Early American Writer: Apache Creation Stories.
The Apache Creation stories are important to learn about in American Literature classes. The Apache tribe is part of the origins of America and therefore their culture is important to every American's life. It is in the nature of humans to wonder about the unknown and search for answers. At the foundation of nearly every culture is a creation myth that explains how the wonders of the earth came to be. These myths have an immense influence on people's frame of reference. It is critical for people to learn of these myths because they can influence the way people think about the world and their place in relation to their surroundings.

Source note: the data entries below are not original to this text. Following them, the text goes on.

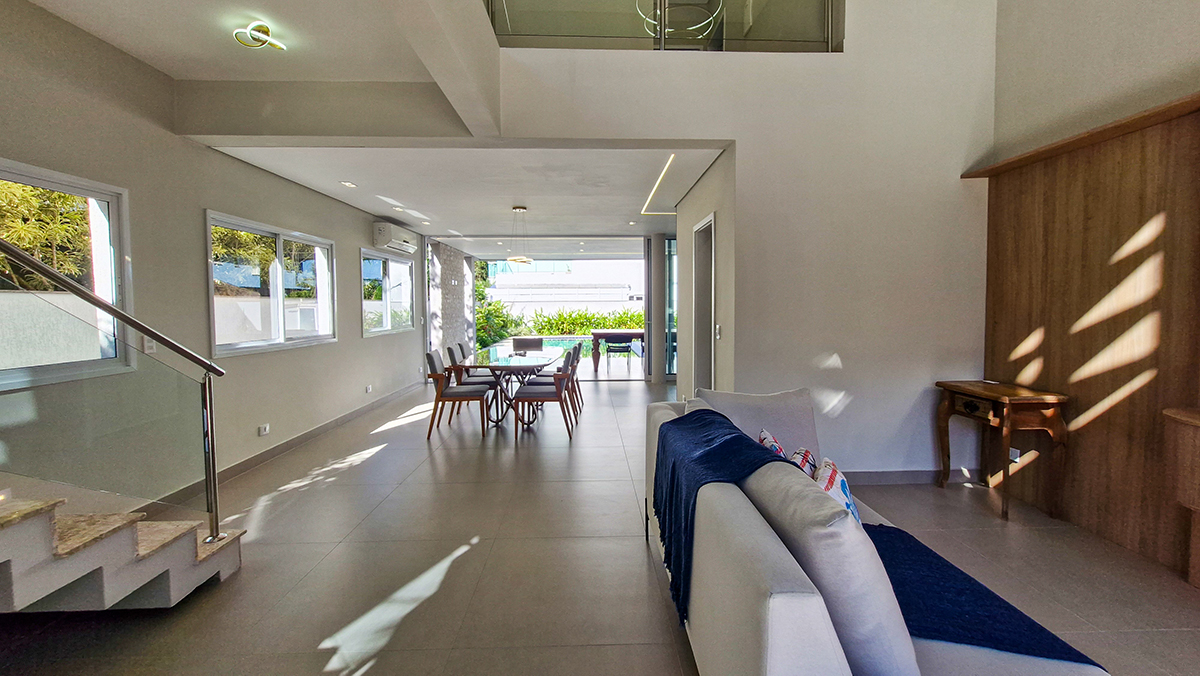 Casa à Venda no Condomínio Costa Nova Residence, em Massaguaçu com 3 suítes e 360m²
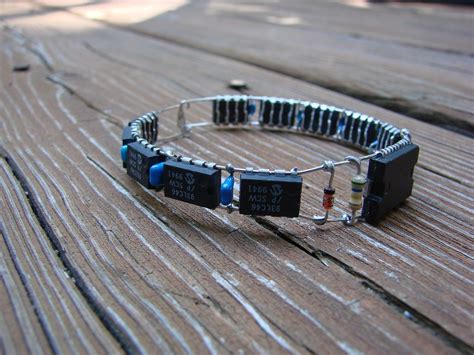 Electronic Bracelet Diy Jewelry Ts Tech Jewelry Geeky Jewellery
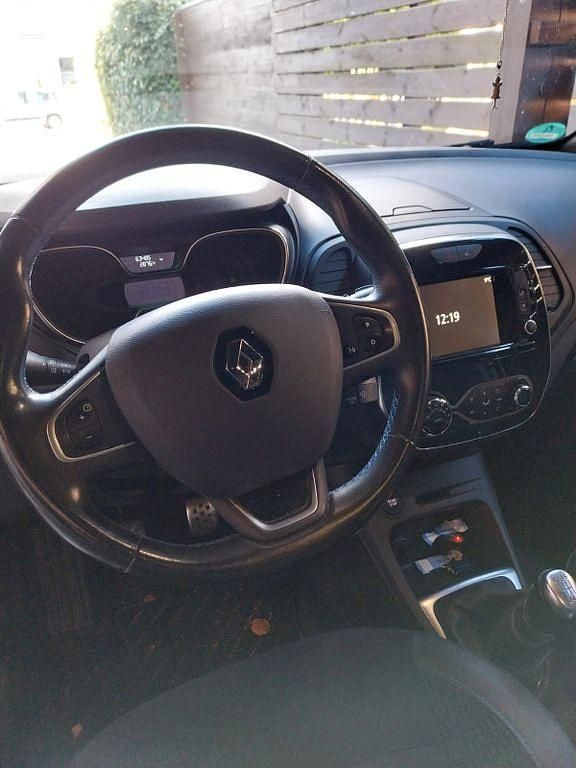 Gebraucht Renault Captur Version S 150 PS (110 kW) 2018 Blau SUV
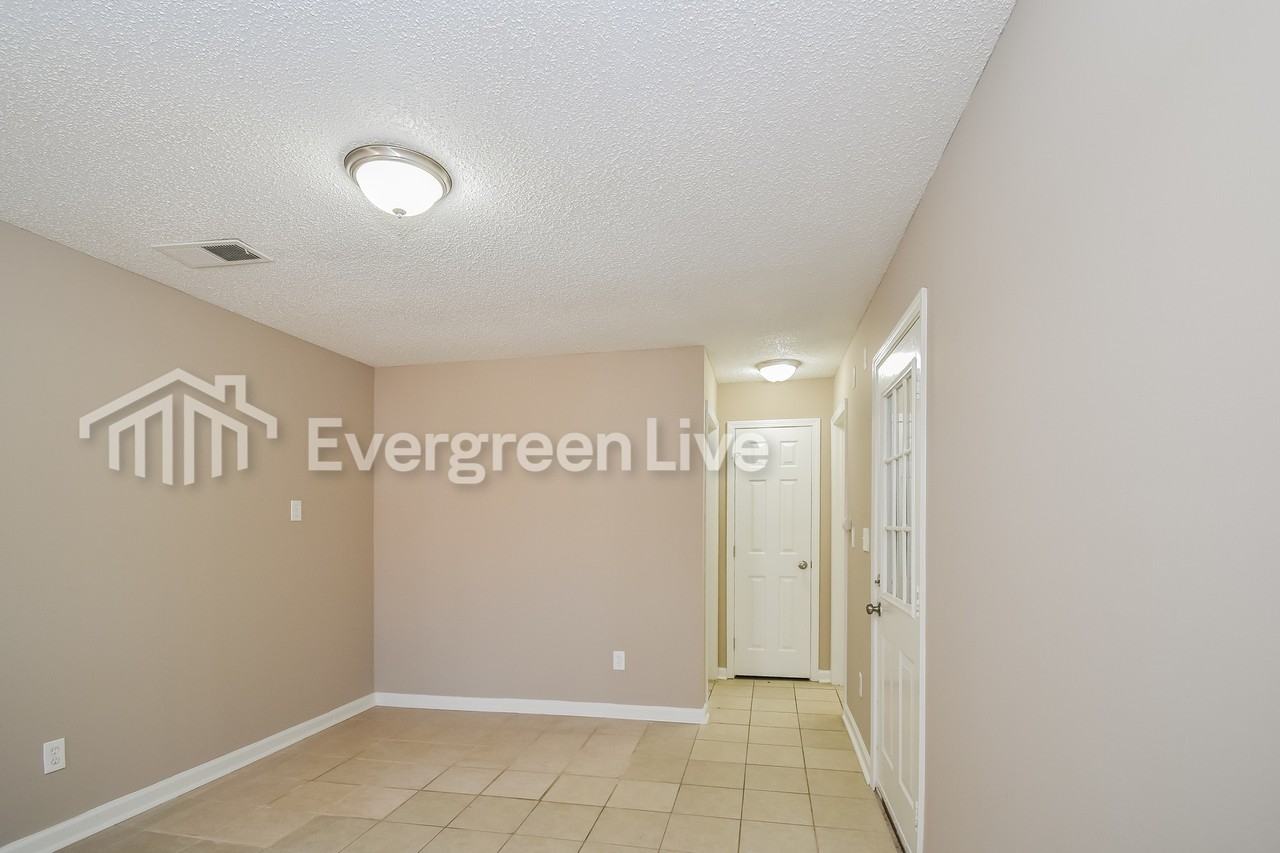 1208 Calebs Ridge Dr - Photo 4 of 15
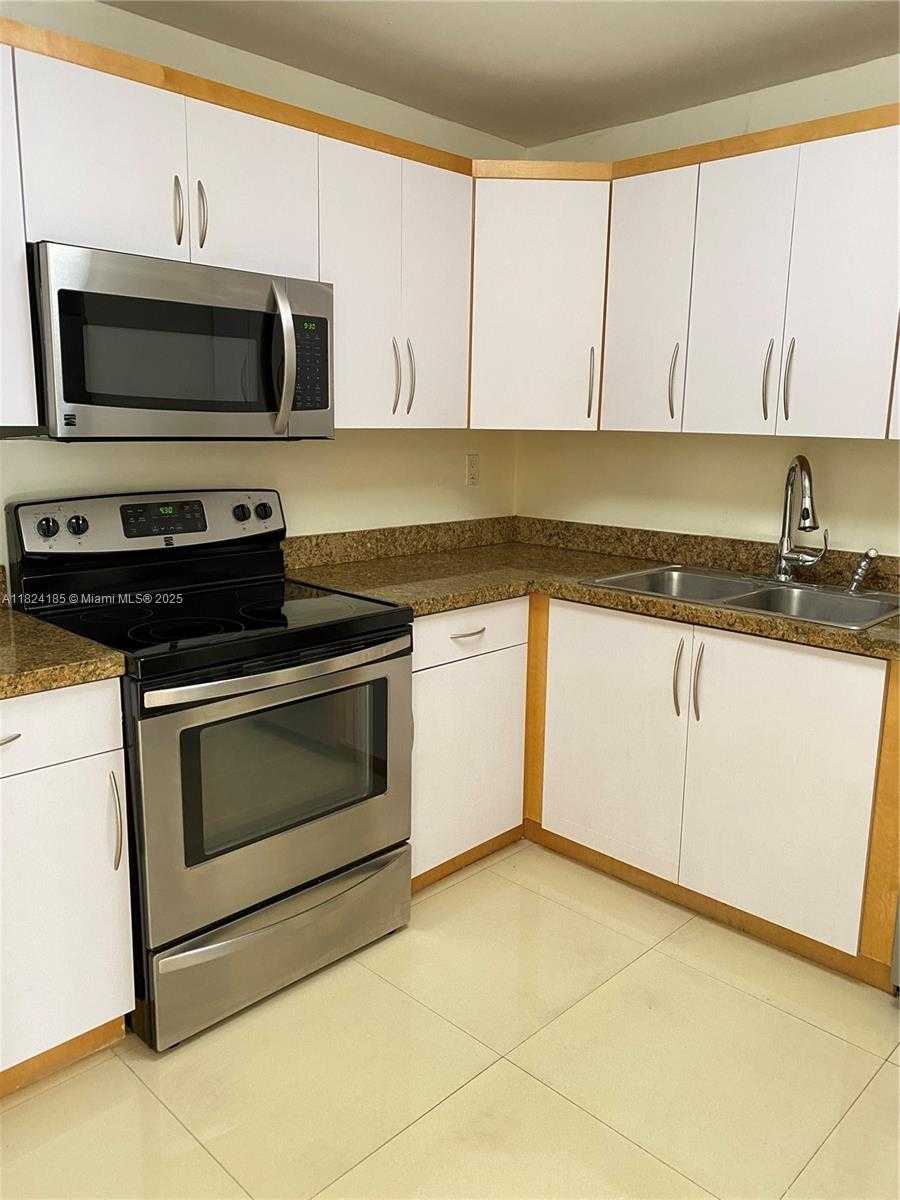Small Image of 1450 BRICKELL BAY DR #311, Miami Number 15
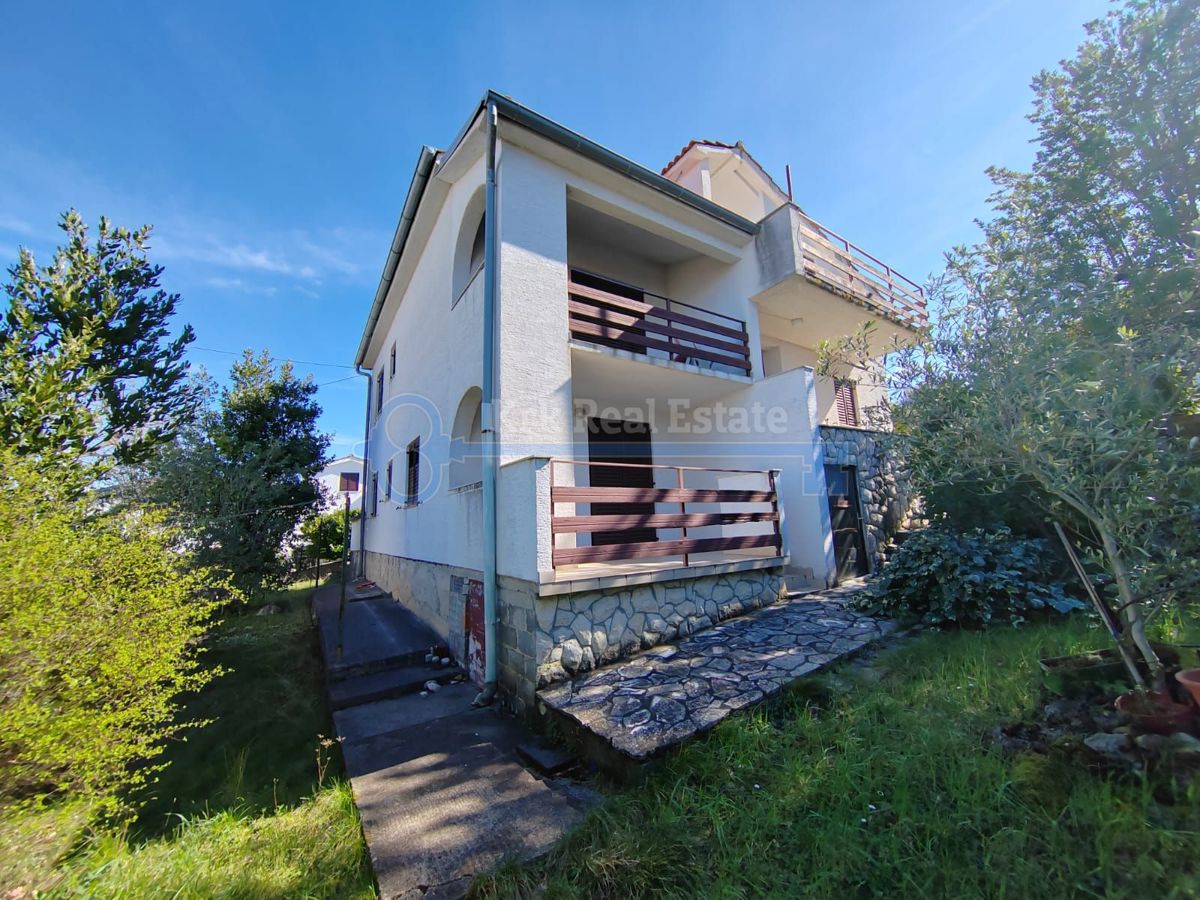 NJIVICE-HIŠA Z VRTECEM – 3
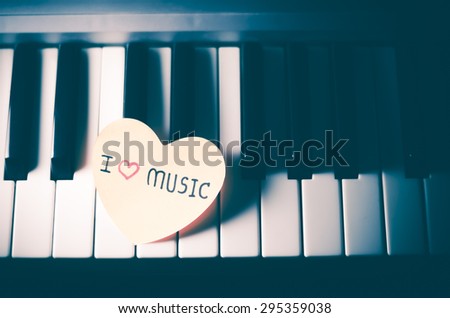 heart on key piano say love music vintage style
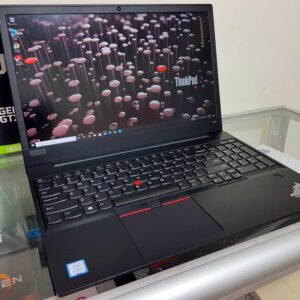 Lenovo ThinkPad i5 octacore 3.90 GHz | 8GB | HDMI | Bluetooth | 15.6 FHD 1080 IP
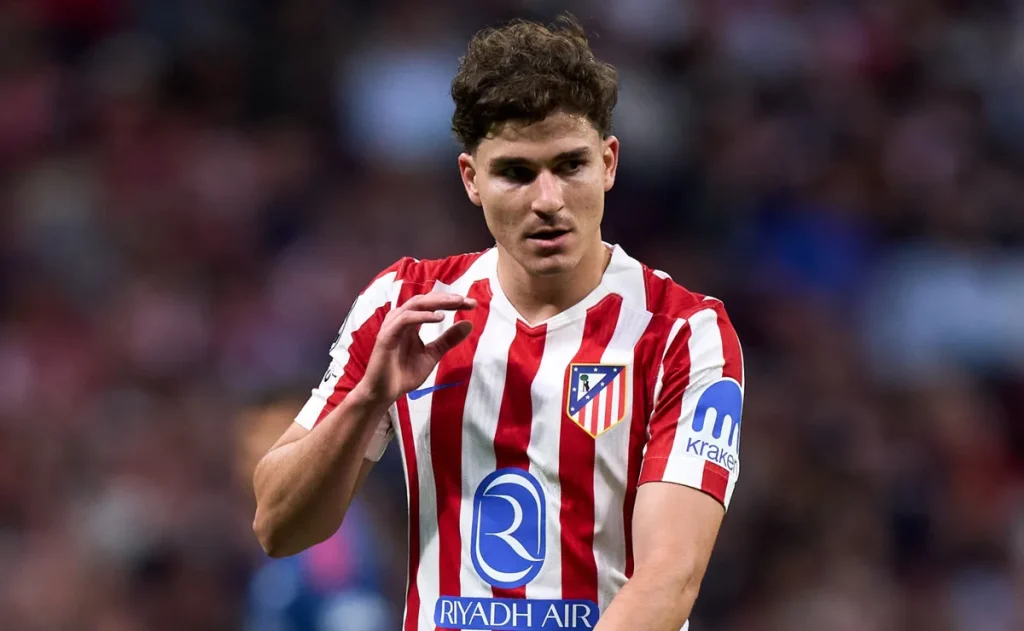 Arsenal sonha com Julian Alvarez, que pede para deixar o Atlético de Madrid após atritos com a diretoria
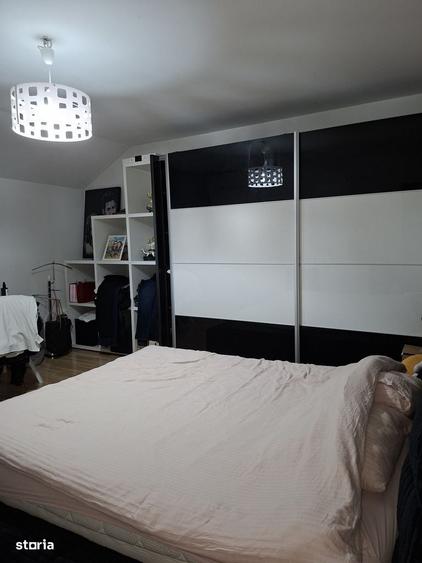 Casă cu 4 camere în Popoveni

In the beginning, there was nothing, only darkness. Suddenly a small man appeared and he created four other gods, and together they created the earth. They soon found out from a hummingbird that the west side of the earth was covered in water and that there will be a mighty flood. The first woman, White Painted Woman, was the only one who survived the great Flood by floating in an abalone shell. For this she is also called, White Shell Woman. On a mountain, she was impregnated by the sun, and gave birth of a son, Killer of Enemies. His role was to hunt for food, but every time he killed an animal, the Owl Man Giant would swoop down and steal the bounty. He and his sister grew hungrier and hungrier until one day, Creator formed a thunderstorm. From the rain, White Painted Woman became impregnated and gave birth to Son of Water. The child grew to be a strong warrior and slew Owl Man Giant in a ferocious fight. These three together helped from the present world. White Painted Woman taught her children, with the help of the Mountain Spirits, how to cure illnesses, how to govern themselves, and how to live in harmony with the animals and plants. But in these earliest days, the people were cold and hungry until Coyote, the trickster, took fire from where it had been made and spread it all around the world.